The papers in this volume study the relationship between language use and the concept of the “tourist gaze” through a range of communicative practices from different cultures and languages. From a pragmatic perspective, the authors investigate how language constantly adapts to contextual constraints which affect tourism discourse as a strategic meaning-making process that turns insignificant places into desirable tourist destinations. The case studies draw on both, in situ interactions with visitors, such as guided tours and counter information, old and new mediatized genres, i.e. guide books, travelogues, print advertising as well as TV-commercials, service web-sites and apps. Despite the diversity of data, one of the common findings in the volume is that staging the sensory ‘lived’ tourist experience is the lynchpin of all communicative practices. Hence, the use of tourism language reveals itself as the mirror of how ‘people on the move’ continuously enact as ‘tourists’ and ‘places’ are constructed as must-see ‘sights’.
GUDRUN HELD, Ph.D. (1952), University of Salzburg, is Professor of Italian and French linguistics at the Department of Romance Languages.

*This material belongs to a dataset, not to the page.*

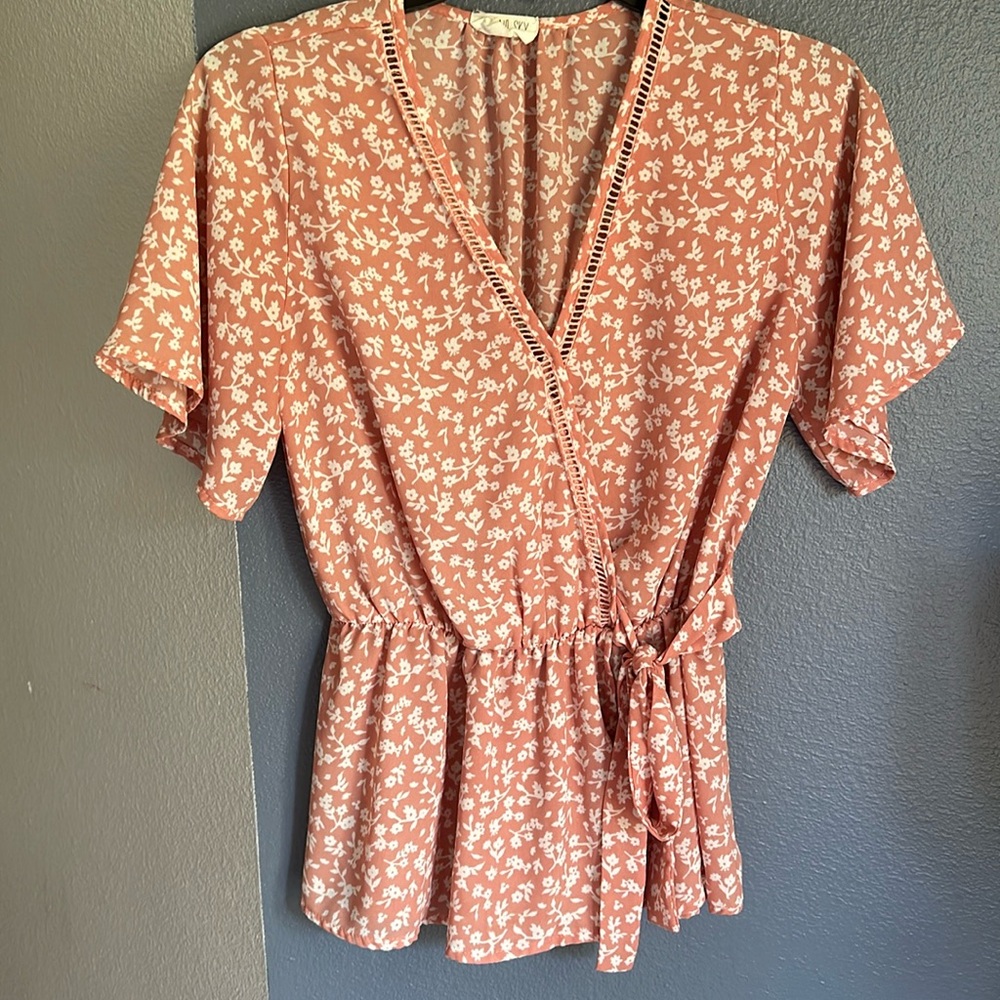 Dress top
Size S
Brand: Vienna Sky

Her research draws on linguistic pragmatics (namely politeness- and face-theory), and multimodal media textuality. She has published a monograph (Narr, 1995), several edited volumes and many articles.
Contributors are: Donella Antelmi, Tania Baumann, Sascha Demarmels, Maria Rosaria Compagnone, Marcella Costa, Giuliana Fiorentino, Olga Denti, Uta Helfrich, Ursina Kellerhals, Manfred Kienpointner, Sonja Kolberg, Vesna Mikolič, Miriam Ravetto, Christina Muriel Samson, Francesca Santulli, Martina Temmerman, Sabine Wahl, Adam Wilson.
This volume will be useful for researchers and students in tourism studies, communication and media studies and applied linguistics.